Renewable biochar derived from mixed sewage sludge and pine sawdust for carbon dioxide capture

Carbon dioxide (CO 2 ) is the main anthropogenic greenhouse gas contributing to global warming. In this study, a series of KOH-modified biochars derived from feedstock mixtures (i.e., S3W7 biomass consisting of 70% pine sawdust and 30% sewage sludge; S5W5 biomass consisting of 50% pine sawdust and 50% sewage sludge) at different temperature (i.e., 600–800 °C) were prepared for evaluating CO 2 adsorption performance. The KOH-activated biochars prepared with S3W7 biomass displayed larger surface areas and micropore volumes compared to those of S5W5 biochars. In particular, the highest CO 2 adsorption capacity (177.1 mg/g) was observed on S3W7 biomass at 700 °C (S3W7–700K), due to the largest surface area (2623 m 2 /g) and the highest micropore volume (0.68 cm 3 /g).
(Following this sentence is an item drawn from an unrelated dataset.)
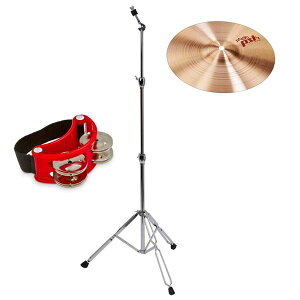 �y�������z�y�J�z���p�zPAiSTE PST-7 + CS-01 + LP188 �X�v���b�V�� + �X�^���h + �t�b�g�^���o���� �Z�b�g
Furthermore, surface functional groups, hydrophobicity, and aromaticity of biochar and presence of hetero atoms (N) also were actively involved in CO 2 adsorption of biochar. In addition, in situ DRIFTS analysis advanced current understanding for the chemical sorption mechanisms by identifying the transformation composites of CO 2 on biochars, and characterizing the weakly adsorbed and newly formed mineral species (e.g., carbonates) during the CO 2 sorption process. This study may provide an insight into the research of CO 2 capture by identifying physical and chemical adsorption, and expand the effective utilization of natural biomass-based biochar for mitigation greenhouse gas emission. • Highly porous carbons derived form a mixed biomass of sewage sludge and pine sawdust. • S3W7–700K displayed high surface area up to 2623 m 2 /g. • S3W7–700K exhibited superior CO 2 adsorption capacity (177.1 mg/g). • In situ DRIFT spectroscopy revealed the importance of chemical adsorption. • It behaves perfect cyclic regeneration performance as high as 92% retention.